[Opening Data excerpts section]

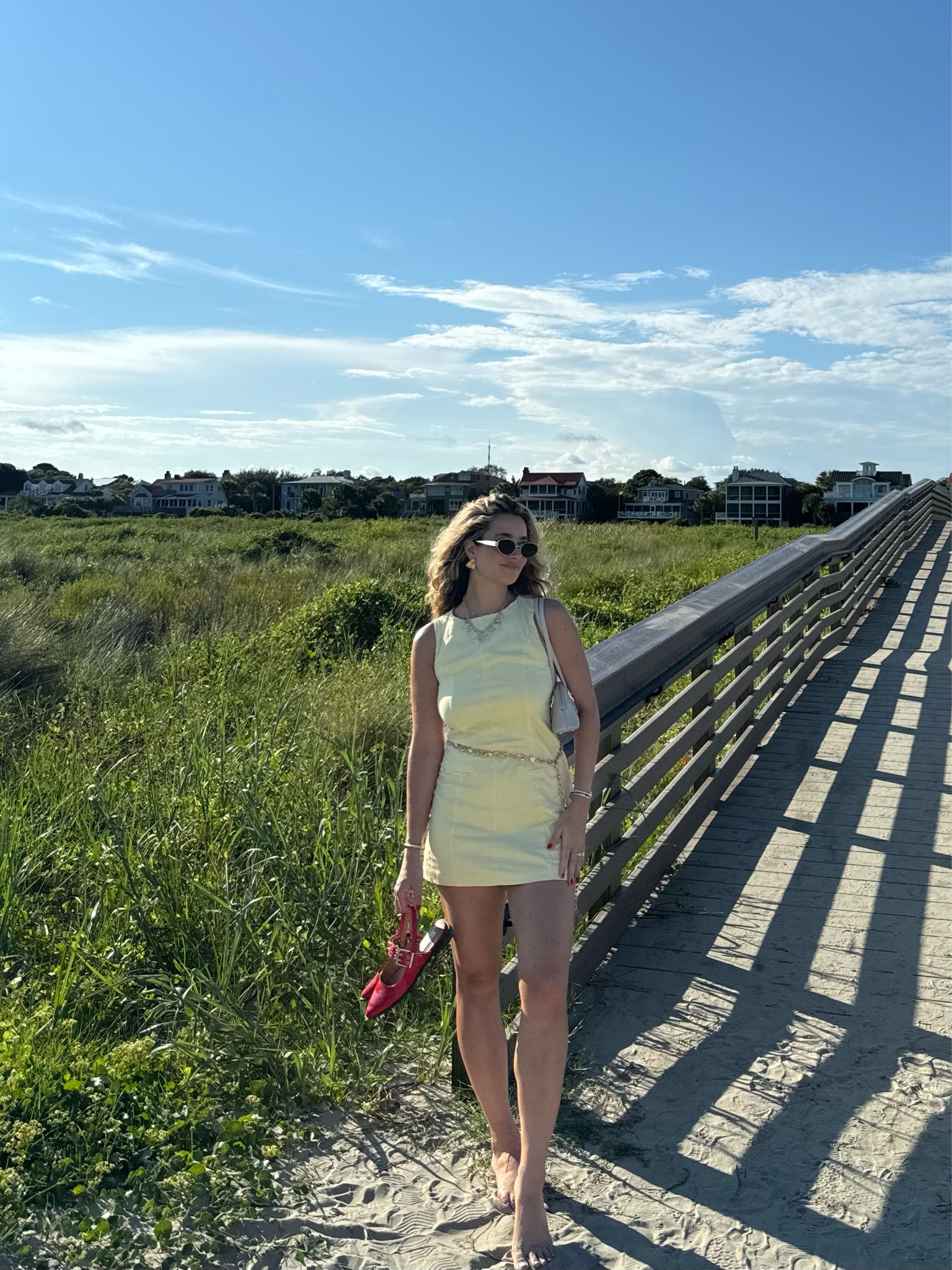 Charleston outfit! I’m wearing a size small in the dress 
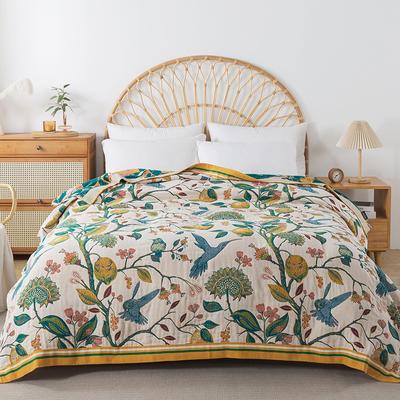 Sommer Home Mehrschichtige Baumwollgaze Überwurfdecke Handtuch Steppdecke Bezug Decke Home Tagesdecke Erwachsenes Paar Abdeckung Decke für Sofa Bett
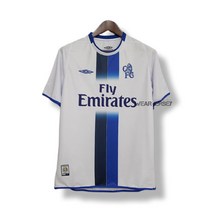 03/05 첼시 어웨이 레트로 축구 빈티지 원정 유니폼 램파드 조콜 드록바 선수마킹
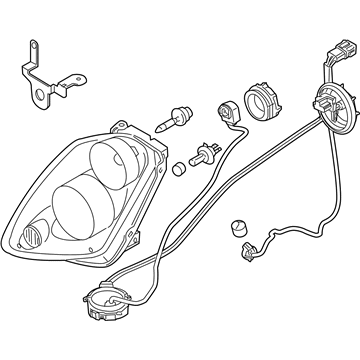 Infiniti 26010-AC70A Right Headlight Assembly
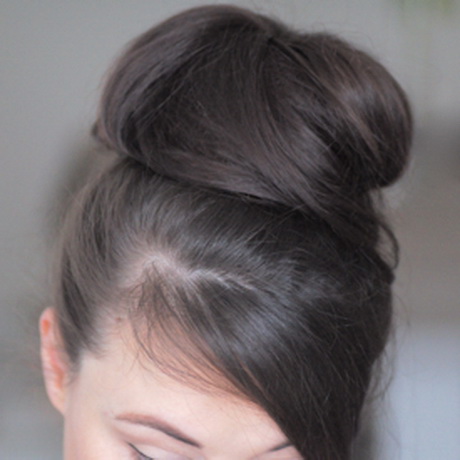 Coiffure chignon bun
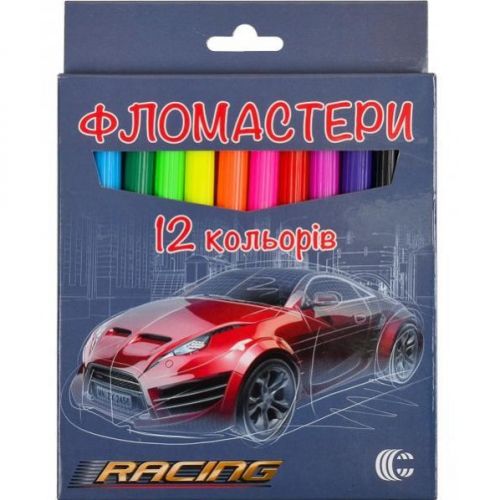 Фломастер 12 кольорів Картон (Вид 1) мініатюра фото 1 Фломастер 12 кольорів Картон (Вид 1) мініатюра фото 1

[Closing Data excerpts section]

## Problem to solve
The answer must repeat every record exactly, with all pictures left out.

## Answer space
 Charleston outfit! I’m wearing a size small in the dress 
 Sommer Home Mehrschichtige Baumwollgaze Überwurfdecke Handtuch Steppdecke Bezug Decke Home Tagesdecke Erwachsenes Paar Abdeckung Decke für Sofa Bett
 03/05 첼시 어웨이 레트로 축구 빈티지 원정 유니폼 램파드 조콜 드록바 선수마킹
 Infiniti 26010-AC70A Right Headlight Assembly
 Coiffure chignon bun
 Фломастер 12 кольорів Картон (Вид 1) мініатюра фото 1 Фломастер 12 кольорів Картон (Вид 1) мініатюра фото 1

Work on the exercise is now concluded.